El segundo de los motivos, consiste en que Mad Men se aleja continuamente de su propio centro. Si bien es una serie sobre los ejecutivos del mundo de la publicidad en Madison Avenue, es también una serie sobre cualquier cosa menos eso. El problema de la identidad en una sociedad que prefiere las apariencias por sobre las esencias, los roles al interior de las familias, el lugar que tiene el empleo en la vida de las personas junto con la búsqueda de la felicidad son algunos de los ejes centrales de la serie. El mundo de la publicidad es entonces el espacio fundamental en que transcurren los conflictos de una cantidad de personajes que no se preguntan por el sentido de sus acciones, pero que buscan continuamente estar un poco más cerca de lo que consideran que la felicidad es.

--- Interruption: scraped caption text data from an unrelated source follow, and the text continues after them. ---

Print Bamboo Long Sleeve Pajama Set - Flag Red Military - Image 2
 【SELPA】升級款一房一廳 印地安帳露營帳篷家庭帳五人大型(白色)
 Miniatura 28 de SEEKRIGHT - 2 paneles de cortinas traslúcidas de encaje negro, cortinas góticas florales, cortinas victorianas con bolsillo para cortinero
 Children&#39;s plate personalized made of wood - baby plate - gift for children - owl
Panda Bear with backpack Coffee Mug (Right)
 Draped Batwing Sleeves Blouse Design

Pero el mundo de la publicidad no es un telón de fondo; es un microuniverso con sus propias reglas de juego y que no puede disociarse de las problemáticas que la serie plantea. Existe una coherencia muy sólida entre los espacios y el sistema de roles.
Existe una brecha enorme entre los roles y los deseos. De ahí que Mad Men abra un abanico de variantes de sujetos infelices.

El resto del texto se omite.